Did she just run out of material? The last half of the book seems like a therapy session and her internal dialogue grates after awhile. She describes a visit to her mother's house, after not seeing her for 20 years. Nothing happens, except the author's vivid depictions of her mother as a spider queen and other terrible incarnations. Some scenes made me cringe, especially the resistance to showing her mother any physical affection seconds after nursing her own child. Give your mom a chance. If she doesn't deserve one, explain why ... otherwise I can't empathize!

The final section, `Butter', ostensibly describes her love of the simple life in Italy, but seems to focus more on her sham marriage. This un-love story is the most painful part of the book. She marries her Italian husband on what seems like a whim, despite the fact that she is in a relationship with a woman and he is legitimately in love with her. Huh? Okay, fine, I'll go with that, but then she proceeds to tear him apart with some vicious comments that took my breath away, like,

"In all the years we have spent together ... he has never, incredibly, incomprehensibly, said anything important to me."

Then, why did you marry him? Why did you have kids with him? She continued to take shots that seem unfair and snarky, and I couldn't really sympathize with this mess of a marriage that she got herself into. And what sends her over the edge, the dagger in the heart of this relationship? Her husband says he wants to buy a new iPhone.

The author's relationship with her husband is a balloon with a hole, which slowly deflates with each passing chapter. Yes, she also develops a special bond with her husband's mother and the people of Italy and their food, yet I was more distracted by the marriage spectacle. I had trouble concentrating on the negroni's and the warm barratta cheese, while she ripped her husband to shreds.

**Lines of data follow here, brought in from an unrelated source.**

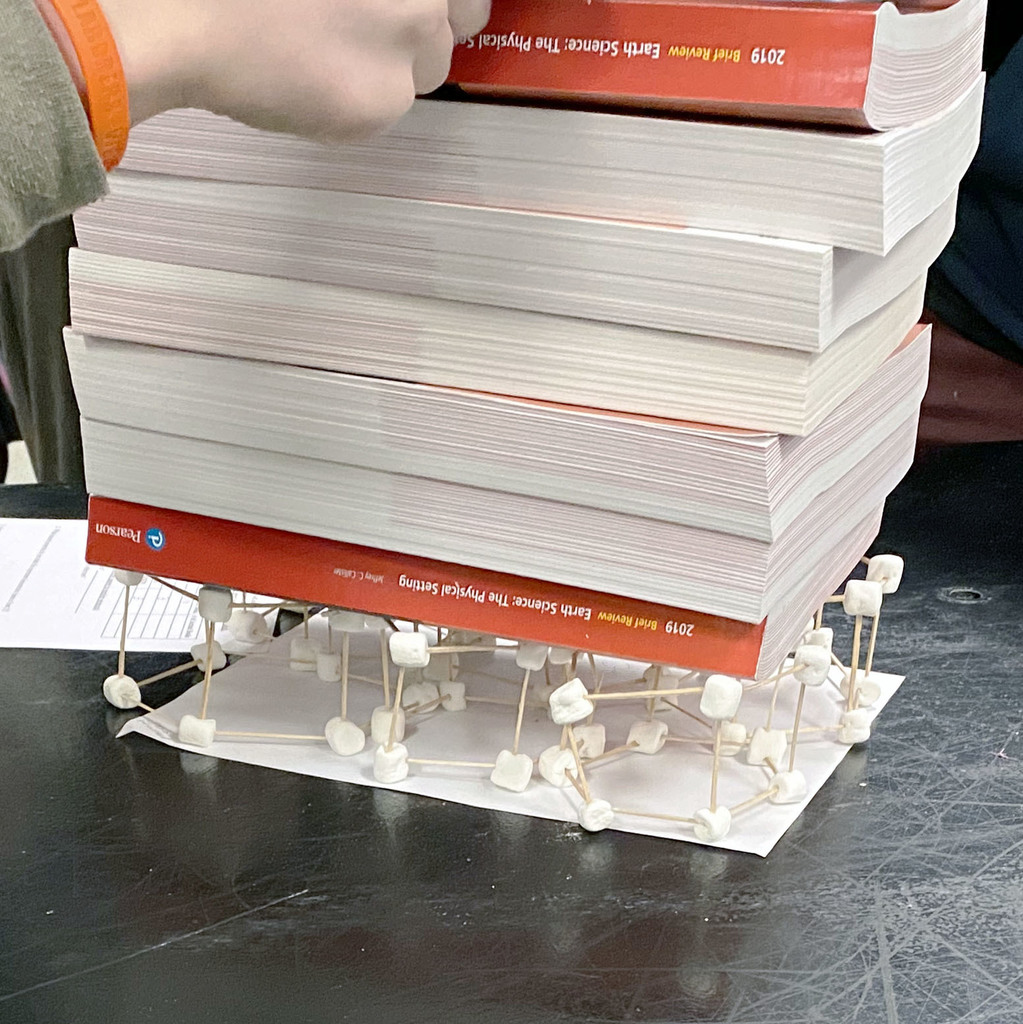 A structure made of marshmallows and toothpicks supporting textbooks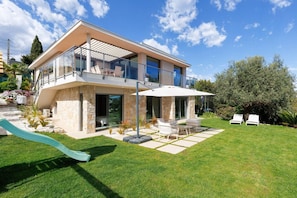 A modern two-story house with a balcony, a patio with outdoor furniture, and a small slide in the yard. - 🌿 Large Family Villa | Pool & Jacuzzi (Mougins)
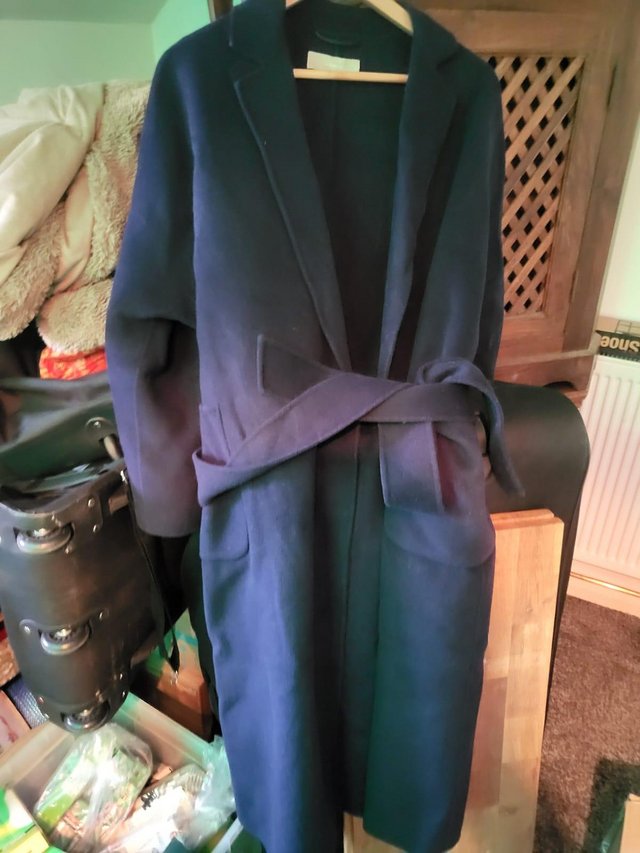 Preview of the first image of Xs-s 12 storeez coat for sale.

BB&B has some compelling stories that are beautifully told, but the narrative lacks cohesion. While she starts the book `in scene', she seems to devolve into her own head, which is maddening and one of the first lessons that I ever learned about writing effectively (rumination is not interesting). My wild, unsubstantiated guess would be that the first portion of the book was written while the author was getting her MFA (heavily work-shopped) and was the basis for the book contract. Then, she had to write the rest of the book, while running a restaurant, taking care of two kids and dealing with a failing marriage. I'm not sure if that's what happened, but I wouldn't be surprised given how the book degrades with each passing chapter. Too bad, because the first few chapters were really promising.